Это стало финансовой основой реализации государственного антикризисного плана вложения более 1 трлн долл. в крупные проекты стимулирования. Особый упор делается на привлечение самых современных и экологичных методов эксплуатации территории, включая программу экопосадок на истощенной пахотной земле. Следует отметить опасность переадресации сбережений населения на инвестиционные нужды. Этот путь, уже опробованный в США, чреват «морально сомнительным» поведением, которое уже привело к массивному финансовому краху, последствия которого ликвидировали двадцать лет (S&L Crisis 1980-s).

Концепция «моральной сомнительности» (moral hazard) означает непредвиденное стимулирование опасного поведения, которое стремятся предотвратить (напри-мер, страховка рисков позволяет увеличить рисковое поведение в поиске прибыли, где инвестор рассчитывает на выручку со стороны правительства).

Крупные кредиты в развитие инфраструктурных проектов исторически оправдывались только в ситуации, когда они позволяли увеличить отдачу от территории за счет адекватного роста ее производительности. Как и в предыдущих случаях, эффективность таких смелых проектов зависит от развития соответствующих регуляционных институтов.

Анализируя возможности появления новых институтов дешевого и обильного долгосрочного кредита, следует обратиться к историческим примерам финансовых инноваций в периоды смены технологических укладов. Новые финансовые решения рождались в частном бизнесе как ответ на обострение проблемы инвестиционных денег. Часто это быстро приводило к развитию режима с обострением и к массивному краху. В дальнейшем, как ни удивительно, новый инструмент не исчезал, но под колпаком жесткой госрегуляции превращался в эффективное орудие генерирования новых дешевых денег в основе очередного витка роста [10].

В качестве примера можно при- вести ассигнаты, выпускавшиеся неопытным республиканским правительством Франции, обя-
зательства региональных банков Британии в конце XIX в. и т.п. Последующий лавинообразный рост и обусловленное им падение доверия привели к серии крахов. В обоих случаях проблемы были решены за счет введения прямого контроля со стороны Банка Англии. В первом случае были выпущены банкноты, во втором — изобретен метод транширования депозитными сертификатами (CDs or Certificates of Deposit). В обоих случаях это соответствовало периодам смены технологических укладов [11, 2].

Совершенно очевидно, что эта проблема сегодня встает с особой остротой, стимулируя поиск новых финансовых институтов, которые позволили бы резко увеличить масштаб доступных и дешевых финансовых инструментов, одновременно уменьшая опасность, возникающую вследствие бесконтрольности потоков.
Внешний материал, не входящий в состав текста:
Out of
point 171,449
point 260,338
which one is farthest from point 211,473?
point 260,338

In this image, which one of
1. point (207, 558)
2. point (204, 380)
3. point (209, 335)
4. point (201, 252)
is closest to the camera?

Среди исторических примеров — возникновение ФРС и Банка Англии как основы мощного роста США и Британии соответственно.

Сравнение возможностей и ограничений долговых и кредитных денег

Спрашивается: почему не использовать долговые деньги, собираемые государствами за счет эмиссии долговых обязательств? Ведь для их финансирования можно использовать простую эмиссию, как это делается в США. Увы, распространенная вера в магическую силу печатного станка является иллюзорной и сталкивается с проблемой доверия. И это
несмотря на то, что государства полностью контролируют процесс и размер своей эмиссии и, казалось бы, могут легко обеспечить ликвидность эмиссионных денег в зависимости от рейтинга платежеспособности.

За эти качества приходится платить, и платить недешево. Это собо заметно на примере исторических экономик, где в качестве денег выступало золото, серебро или в крайнем случае медь. Государства становились залож-никами наличия или отсутствия драгметаллов, которые нередко приходилось привозить издалека, затрачивая колоссальные усилия, в частности, на разработку технологий добычи и транспорта.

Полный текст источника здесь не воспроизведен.